Bila Allah adalah Zat Yang Maha Sejahtera Mensejahterakan, maka sebagai orang Islam sesuai dengan makna agama yang dianutnya harus dapat meraih hidup sejahtera dan berusaha mensejahterakan diri, keluarga dan sesamanya. Bila Allah adalah Zat Yang Maha
Selamat menyelamatkan, maka sebagai orang beriman, kita harus berusaha meraih dan merasakan keselamatan baik di dunia maupun di akhirat. Di samping itu juga harus terus menerus berusaha menyelamatkan diri, keluarga dan sesamanya dari ragam mara bahaya baik di dunia maupun untuk kepentingan di akhirat kelak.
Dan Nabi Muhammad saw juga mewanti-wanti kita:
يَا أَيُّهَا النَّاسُ أَفْشُوا السَّلاَمَ، وَأَطْعِمُوا الطَّعَامَ، وَصِلُوا اْلأَرْحَـامَ، وَصَلُّوْا بِاللَّيْلِ وَالنَّاسُ نِيَامٌ، تَدْخُلُوا الْجَنَّةَ بِسَلاَمٍ.
Wahai manusia tebarkan salam, berilah makan, sambunglah tali silaturahmi dan shalatlah di malam hari saat manusia tertidur, niscaya kalian akan masuk ke dalam Surga dengan selamat.(HR. At-Tirmidzi).
Berdasarkan normativitas di atas dapat dipahami bahwa berbagi salam itu menjadi di antara tiket masuk surga (baca hidup terasa bahagia). Dan dari pemaknaan biasa saja kita sudah menjadi mengerti. Kata salam berasal dari asal kata salama gabungan huruf sin lam mim yang sama dengan Islam sebagai agama yang memiliki karakteristik damai mendamaikan, sejahtera mensejahterakan, dan selamat menyelamatkan. Jadi berbagi salam bermakna berbagi atau saling menjaga keselamatan, berbagi atau saling menjamin kesejahteraan, berbagi atau saling menjaga kedamaian. Bukankah ini menjadi di antara karakteristik kehidupan surgawi. Oleh katenanya kita sebagai umat Islam dituntun saling salam; berbagi kedamaian, kesejahteraan, keselamatan.
Itulah mengapa secara praktis, kita selalu diingatkan akhlaq al-karimah saat bertemu dengan sesama saudara, agar kita saling berbagi senyum dan salam seraya mengucapkan "Assalamu 'alaikum warahmatullahi wabarakatuhu". Semoga keselamatan kedamaian dan kesejahteraan melingkupi atas anda semua dan rahmat Allah, serta keberkahanNya terlimpah kepada anda semua. Pihak yang mendengar atau seudara lainnya menjawab salam dengan mengucapkan wa'alakum salam warrahmatullahi wabarakutuhu.
Nah, indah bukan! Kita saling memberi keselamatan, kedamaian dan kesejahteraan satu sama lainnya. Bukan saja memberi keselamatan, kita juga dituntun saling menjamin keselamatan, menjamin kedamaian dan menjamin kesejahtaraan sesamanya.
Bila kita renungkan, maka berbagi salam itu implikasi kebaikannya menjadi amat luar biasa.
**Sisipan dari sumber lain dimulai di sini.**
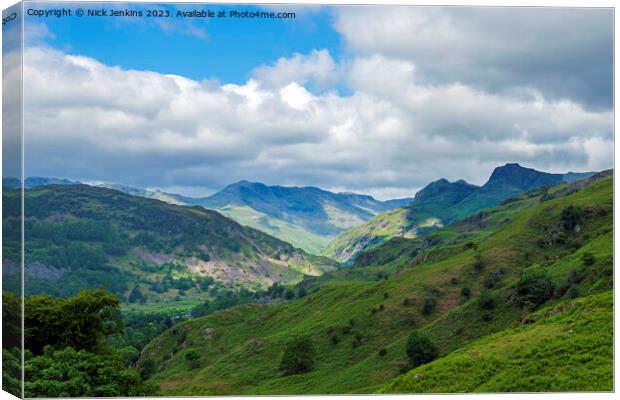 The Great Langdale Valley and Langdale Pikes July Canvas Print by Nick Jenkins
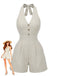 Combishort Dos-Nu Rayé Taille Cintrée Beige Années 1950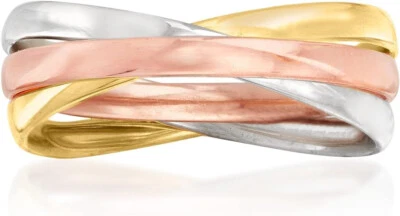 Italian 14kt Tri-Colored Gold Eternity Ring 1/4 in Wide 8 Made in Italy Firenze - Image 1 of 2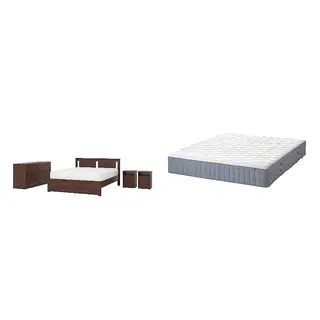 SONGESAND/VÅGSTRANDA Bed with 28cm thick mattress, pocket sprung, foam,7 comfort zones, extra firm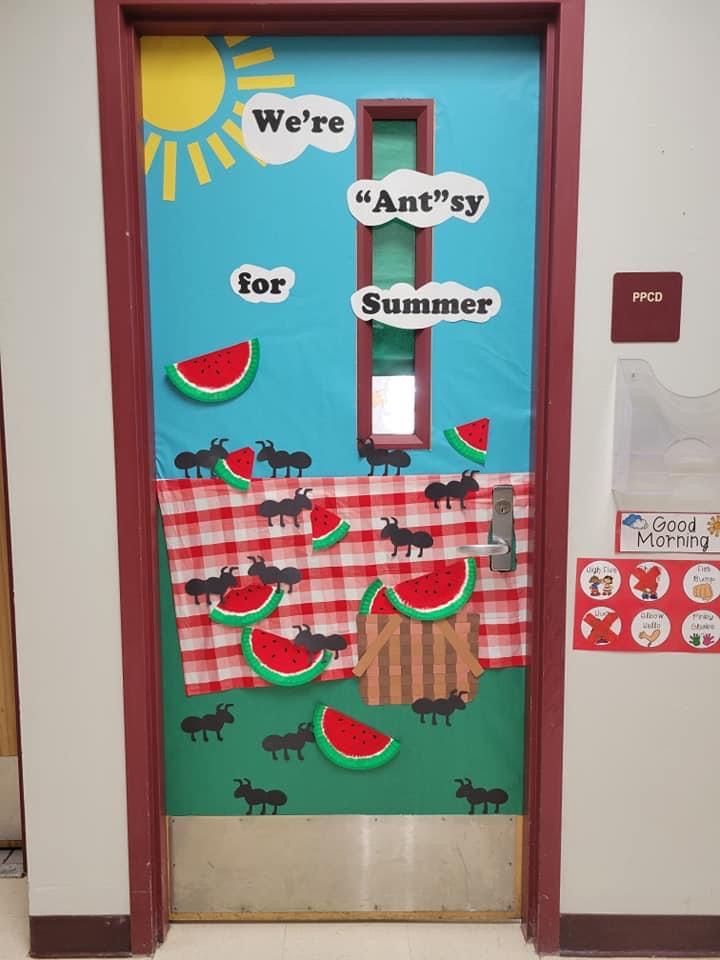 antsy for summer classroom door with ants and watermelon theme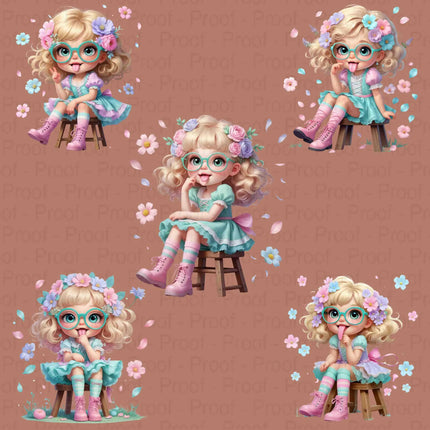 Pastel Girl PNG Bundle – 5 High-Res Clipart Files for Sublimation Digital File Style-Junction Custom Designs & Prints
Bagaimana tidak, coba! Seandainya salam itu kita maknai kesejahteraan, maka di dunia ini kita sendiri memohon dan berusaha untuk dikaruniai sehat wal afiat, keluarga sakinah mawaddah wa rahmah, rezeki yang melimpah sekaligus berkah, anak cucu yang shalih dan shalihah, serta di akhir hayatnya mampu melafalkan kalimat thayibah, laailaha illallah. Karena di dunia sejahtera, maka tentu di akhirat jua.
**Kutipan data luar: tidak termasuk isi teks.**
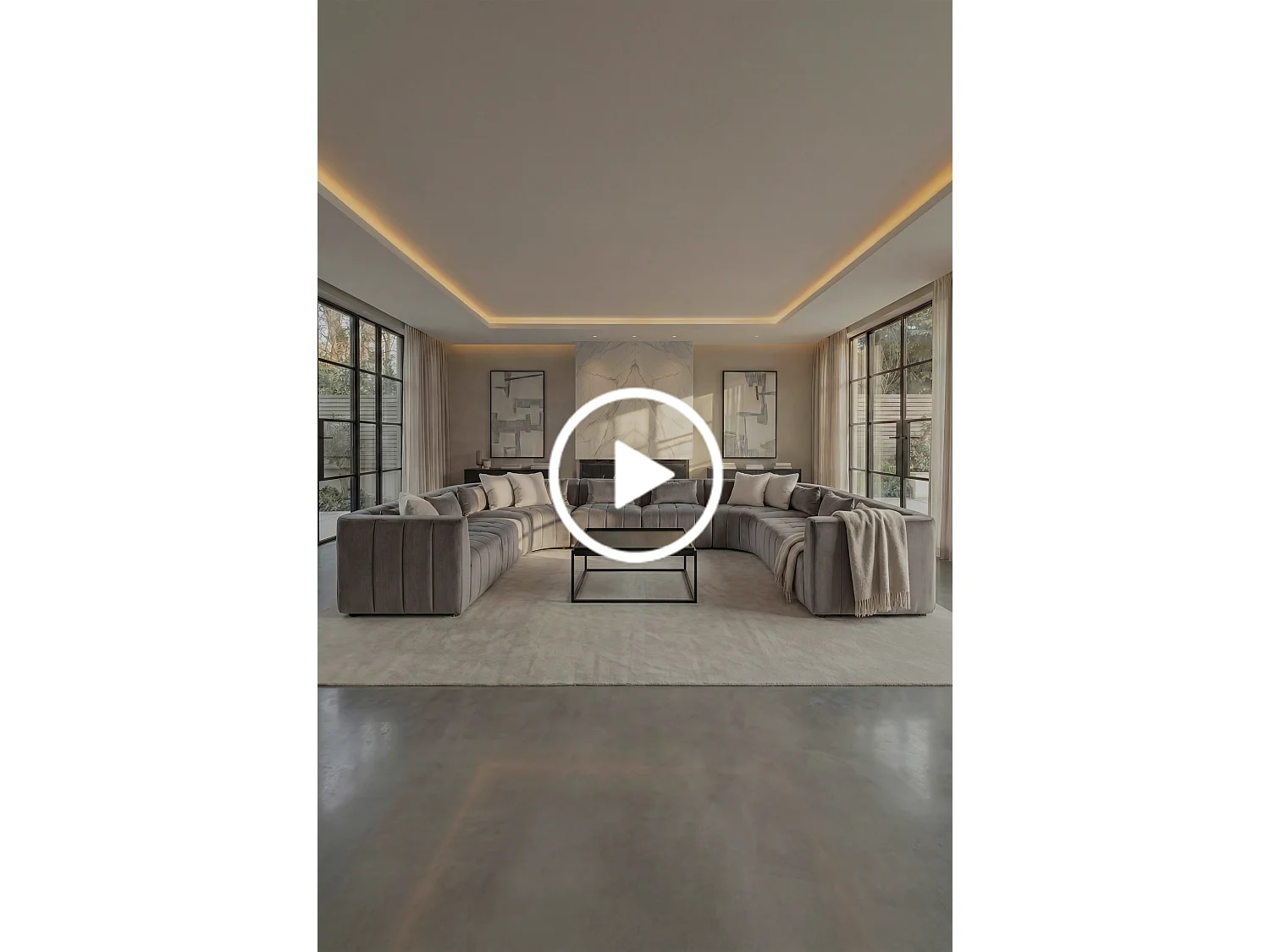Essen Super Lounge Suite - Dove Grey, Velvet 10-11 Seater, Panoramic Club Sofa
Kesejahteraan dan keselamatan di akhirat kelak adalah dianugrahiNya karunia berupa kefasihan menjawab pertanyaan Malaikat Munkar Nakir di alam barzah, beratnya timbangan kebaikan saat di mizan, kelancaran melintasi jembatan sirathal mustaqim, dibukanya pintu surga, dan dianugrahi dapat bersua apalagi dapat melihat Allah swt.
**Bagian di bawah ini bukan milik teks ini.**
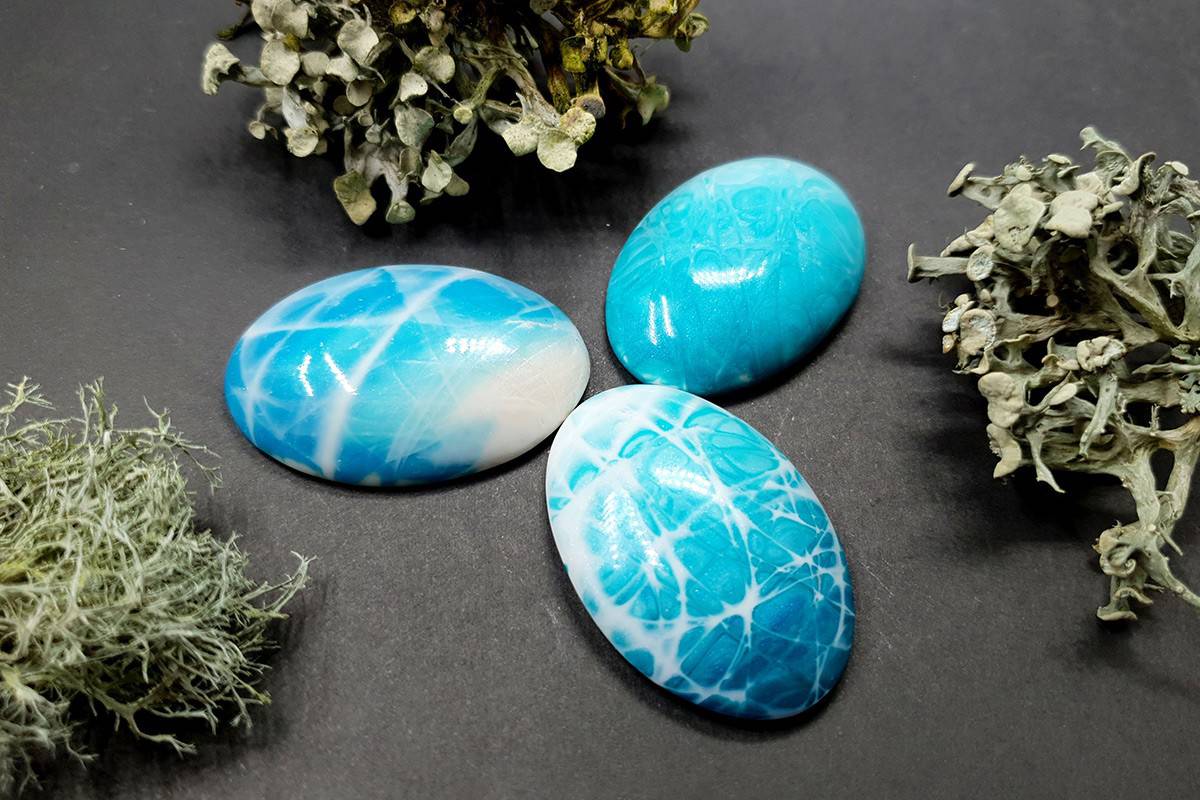 3 cabochons Faux Larimar Stone from Polymer Clay #4 Cabochons SweetyBijou Cabochons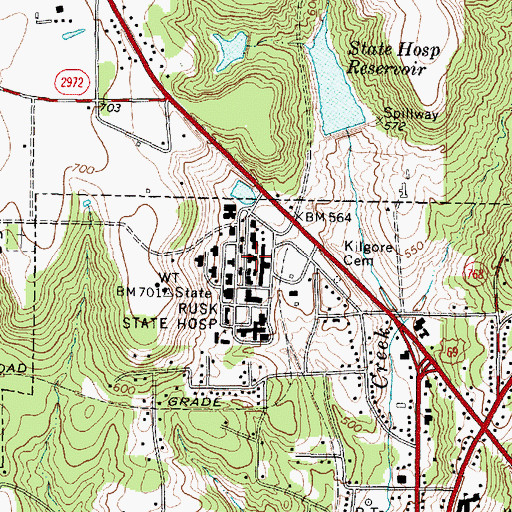Topographic Map of Rusk State Hospital, TX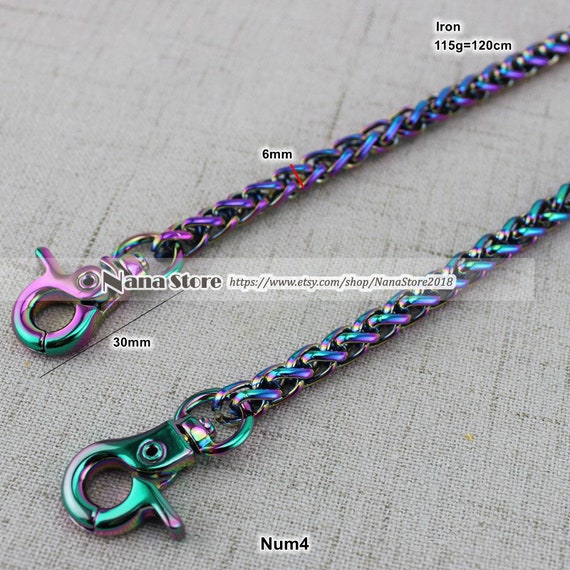 Buy 6MM, Rainbow High Quality Purse Chain, Metal Shoulder Handbag Strap,  Replacement Handle Chain, Metal Crossbody Bag Chain Strap,jd-868 Online in  India 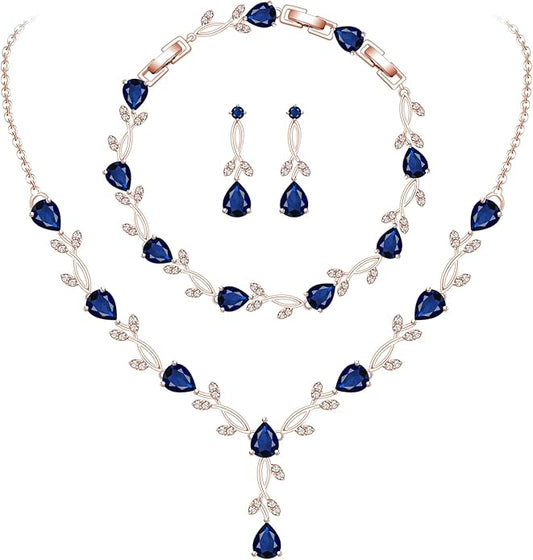 GZWHD Wedding Jewelry Sets for Bride Bridesmaid Women Cubic Zirconia Necklace Earrings Bracelet Set Gift for Mother Friend Wife Daughter Sister Party Prom Jewelry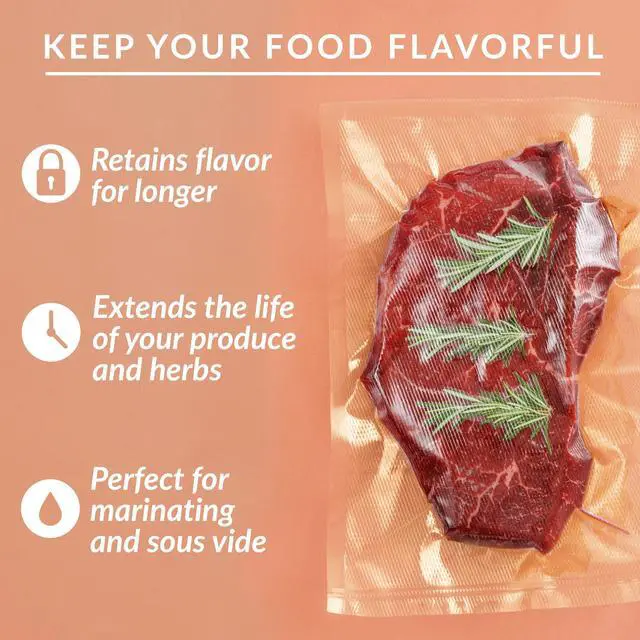 Alt view image 7 of 7 - Lock Vacuum Sealer Bags - Set of 2 8x50 Inch BPA-Free Rolls - Food Saver Vac Seal for Sous Vide & Meal Prep - Commercial Grade Foodsaver Bag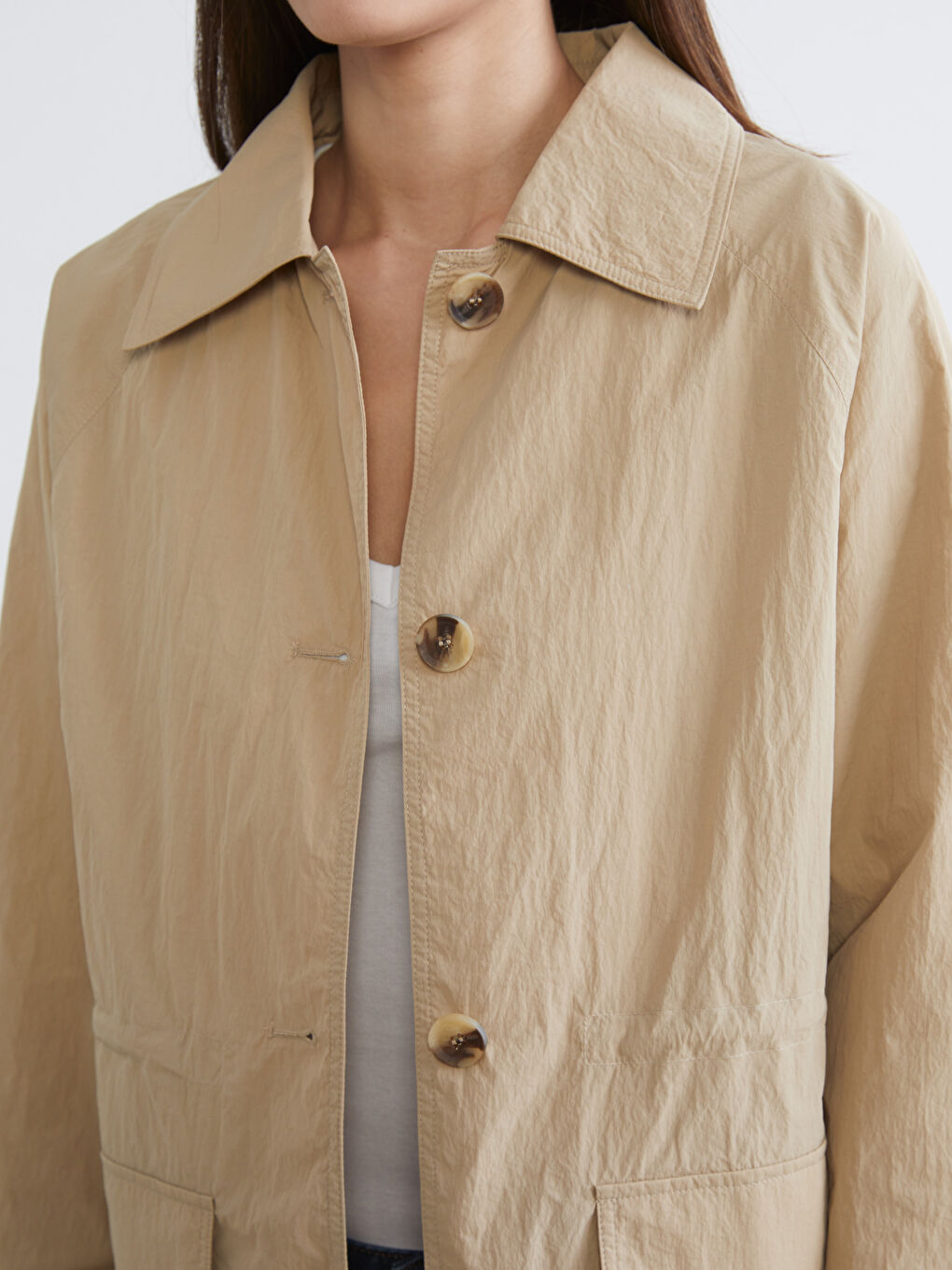 Bej Gömlek Yaka Kadın Ceket-2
Kesejahteraan, keselamatan dan kebahagiaan diri ini kemudian bagaimana juga bisa terjadi dan dialami oleh keluarga dan orang-orang yang ada di sekitar kita. Nah, maknanya tinggal bagaimana kita secara bersama-sama berbagi ini semua; berbagi salam; berbagi kesejahteraan, keselamatan dan kedamaian antar sesama.